About this task:
A word-for-word copy of the listing, free of images, is the expected answer.

Given data:
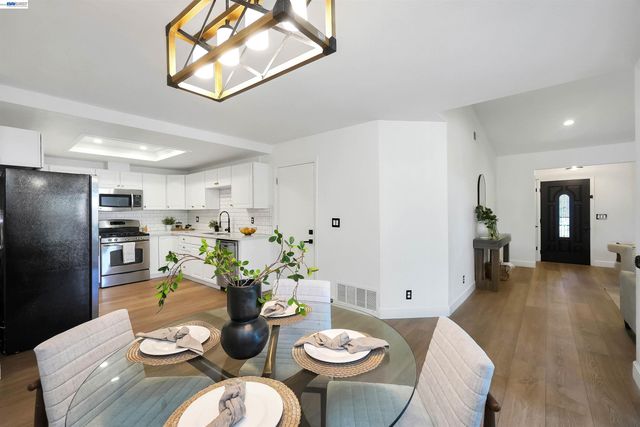4184 Torrey Pine Way, Livermore, CA 94550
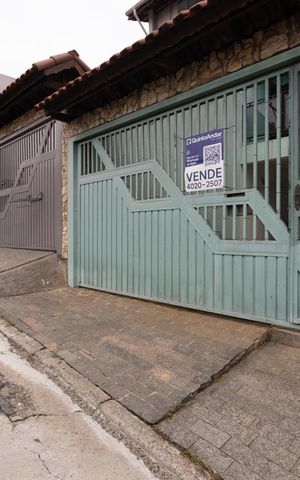 Casa à venda com 187m², 3 quartos e 3 vagas Casa à venda com 187m², 3 quartos e 3 vagasFachada e Plaquinha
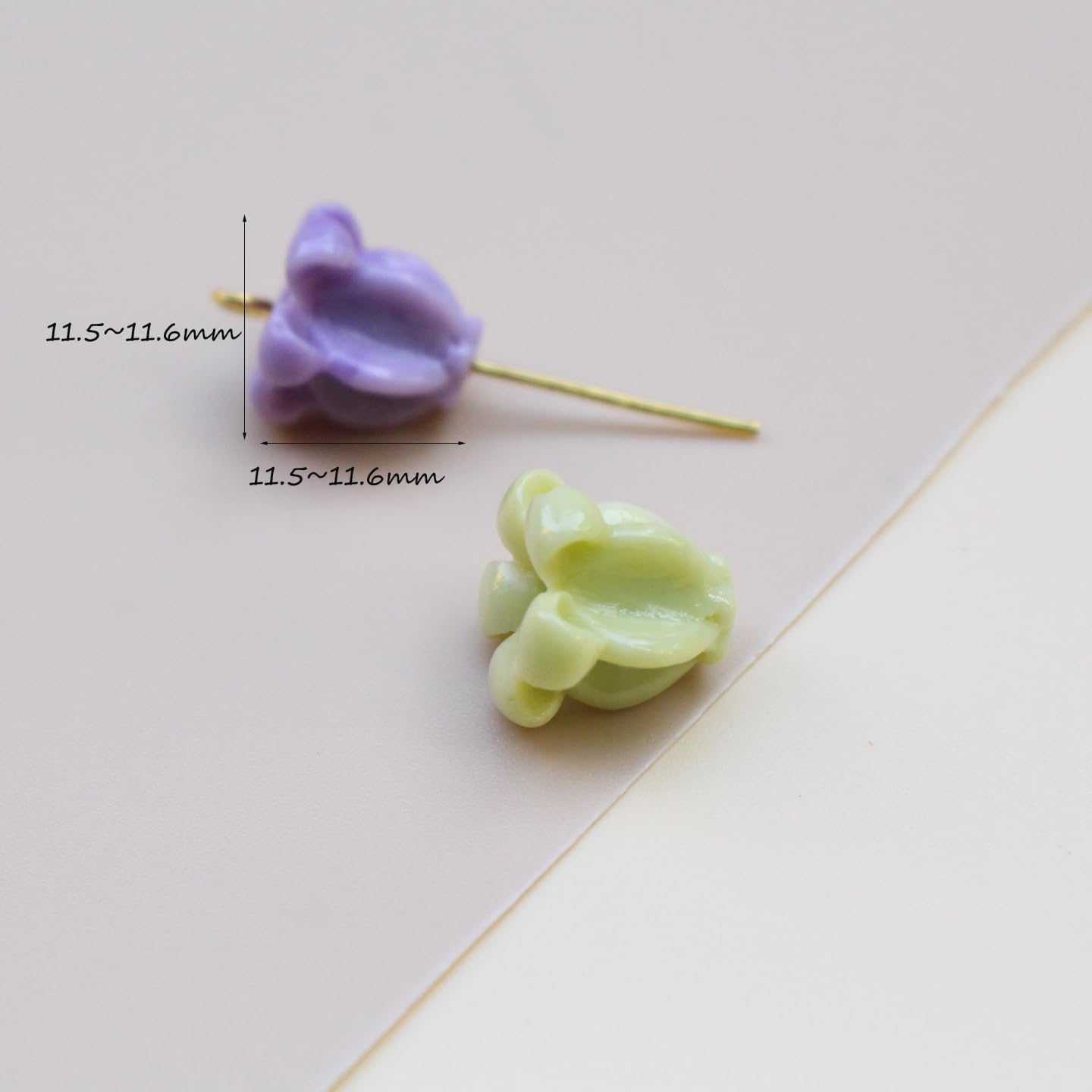 Detalle de Hanyuanbeads 12mm クラウンフラワー人工サンゴビーズ 100個入り ミックスカラー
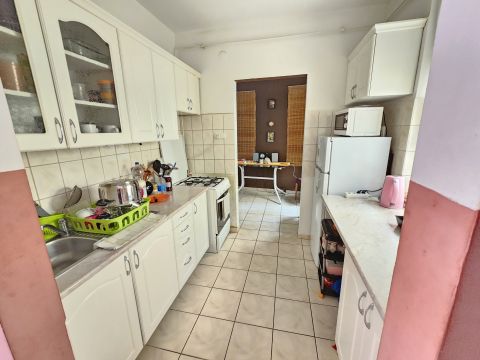 Eladó Lakás 8500 Pápa , Pápa szívében 86 nm-es lakás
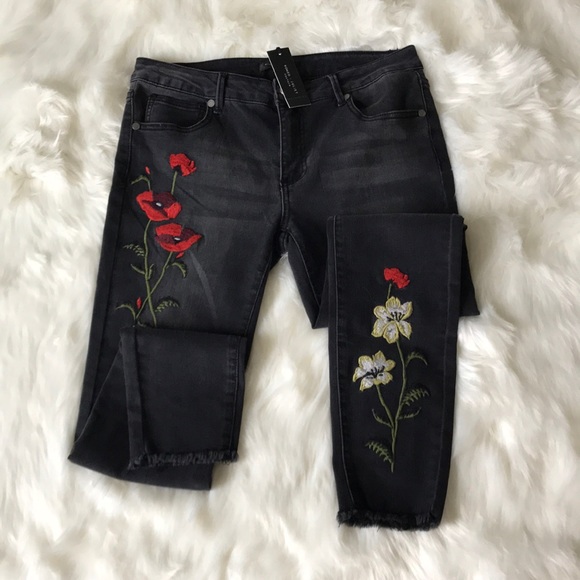 Romeo & Juliet Floral Embroidered Jeans - Picture 2 of 6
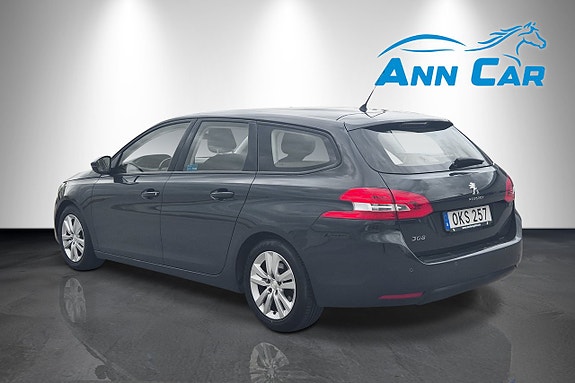 Peugeot 308 SW 3 of 5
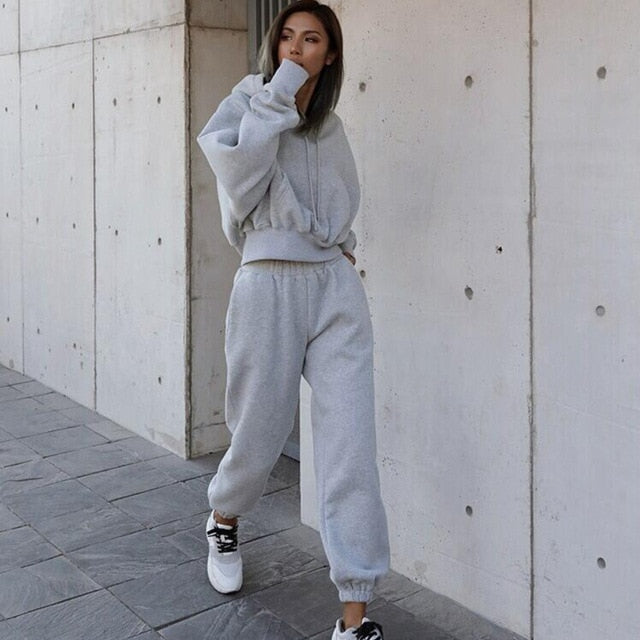 Women Warm Hoodie and Pants Set - Frederika’s favorites 🦊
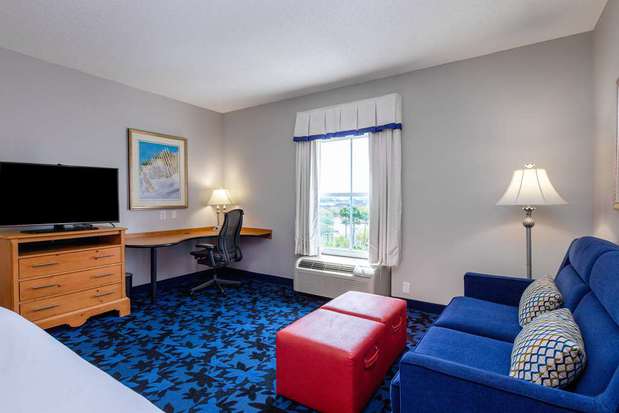 Images Hampton Inn & Suites Jacksonville Deerwood Park
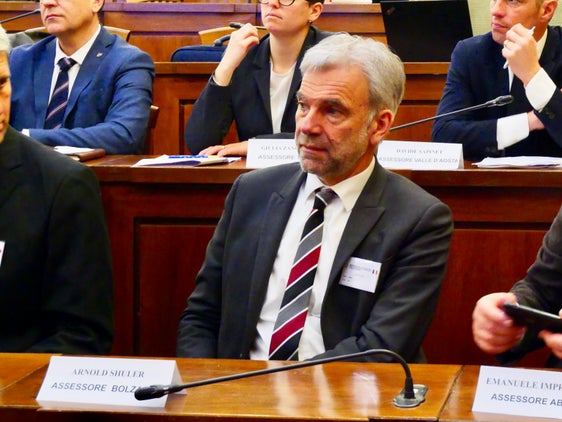 Landesrat Schuler beim Treffen mit Landwirtschaftsminister Lollobrigida: "Gemeinsam mit den anderen Bergregionen wollen wir stärkere Resonanz für unsere Anliegen schaffen." (Foto: Ministerium für Landwirtschafts-, Ernährungs- und Forstpolitik)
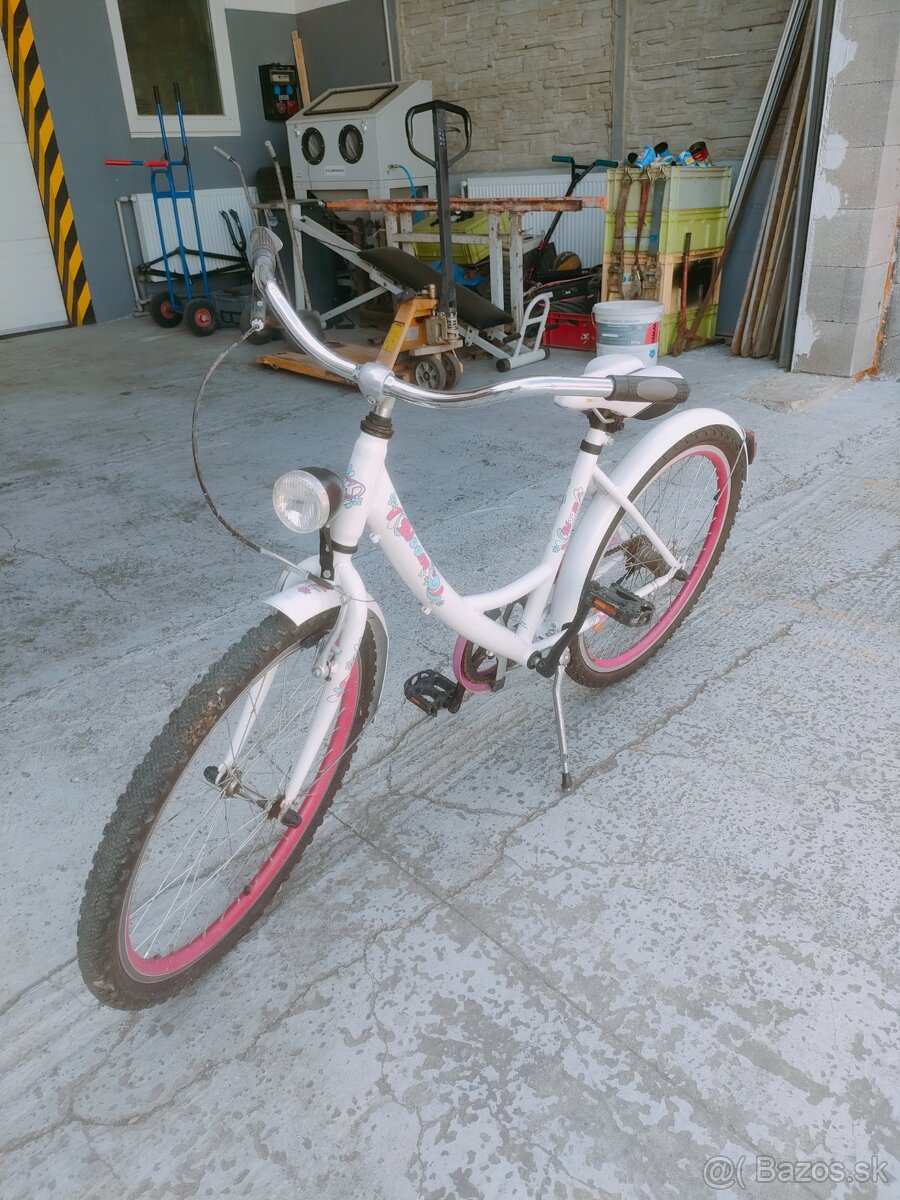 Dievčenský bicykel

Your response:
4184 Torrey Pine Way, Livermore, CA 94550
 Casa à venda com 187m², 3 quartos e 3 vagas Casa à venda com 187m², 3 quartos e 3 vagasFachada e Plaquinha
 Detalle de Hanyuanbeads 12mm クラウンフラワー人工サンゴビーズ 100個入り ミックスカラー
 Eladó Lakás 8500 Pápa , Pápa szívében 86 nm-es lakás
 Romeo & Juliet Floral Embroidered Jeans - Picture 2 of 6
 Peugeot 308 SW 3 of 5
 Women Warm Hoodie and Pants Set - Frederika’s favorites 🦊
 Images Hampton Inn & Suites Jacksonville Deerwood Park
 Landesrat Schuler beim Treffen mit Landwirtschaftsminister Lollobrigida: "Gemeinsam mit den anderen Bergregionen wollen wir stärkere Resonanz für unsere Anliegen schaffen." (Foto: Ministerium für Landwirtschafts-, Ernährungs- und Forstpolitik)
 Dievčenský bicykel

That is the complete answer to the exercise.